When thinking about Apple’s forecast, however, Sacconaghi cautions against overexcitement.
“We note that historically, revenue guidance for FY Q4 has *not* been a helpful predictor of the strength of the forthcoming cycle, and FY Q4 gross margin guidance has only been helpful when Apple has guided meaningfully lower,” wrote Sacconaghi, who rates Apple’s stock at market perform with a $190 price target.
Beyond Apple’s outlook, general commentary could also shed light on management’s thinking going into the next iPhone cycle. Analysts often ask executives to talk about high iPhone prices, so watch for any nuggets there.

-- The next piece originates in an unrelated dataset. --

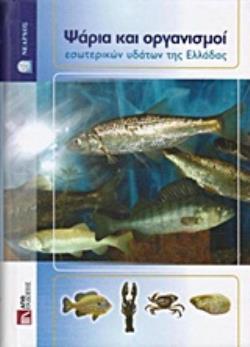 ΨΑΡΙΑ ΚΑΙ ΟΡΓΑΝΙΣΜΟΙ ΕΣΩΤΕΡΙΚΩΝ ΥΔΑΤΩΝ ΤΗΣ ΕΛΛΑΔΑΣ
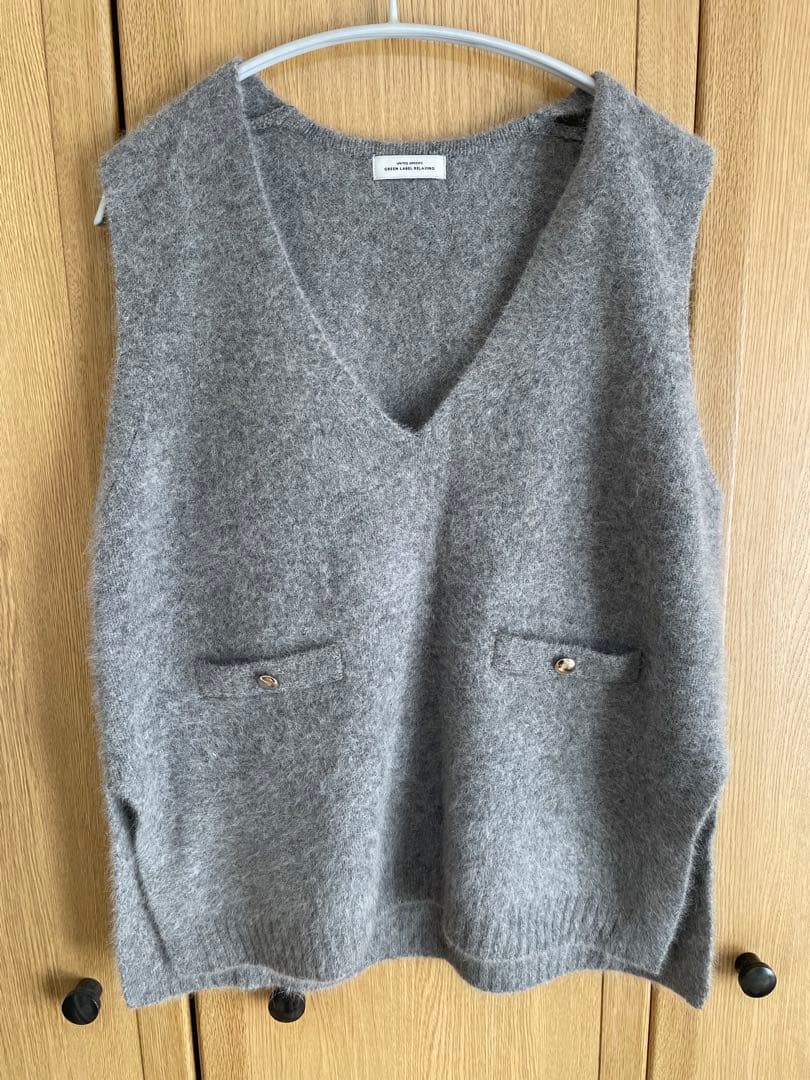 未使用！green label relaxing ニットベスト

“The question is how far will they go to offer something that’s not as expensive, with a little less functionality,” DA Davidson analyst Tom Forte told MarketWatch last month.
What to expect
Earnings: Analysts surveyed by FactSet expect Apple to report earnings per share of $2.16, up from $1.67 a year earlier. According to Estimize, which crowdsources projections from hedge funds, academics, and others, the average estimate is $2.23.
Apple has beaten earnings expectations in every quarter but one since March 2013.
Revenue: Apple’s management has forecast revenue of $51.5 billion to $53.5 billion for the June quarter, compared with $45.4 billion a year earlier. The FactSet consensus calls for $52.3 billion in quarterly revenue, while the Estimize consensus is for $52.8 billion.
Analysts surveyed by FactSet expect that Apple sold 42 million iPhones in the quarter and generated $29.1 billion in iPhone revenue.
Stock movement: Apple shares have fallen following five of the company’s last 10 earnings reports. The stock is up 27% over the past 12 months, while the Dow Jones Industrial Average DJIA, -1.43% , which counts Apple as a component, has gained 15%.
Of the 41 analysts tracked by FactSet who cover Apple’s stock, 25 have buy ratings and 16 have hold ratings. The average price target is $201.79, 4.4% above recent levels.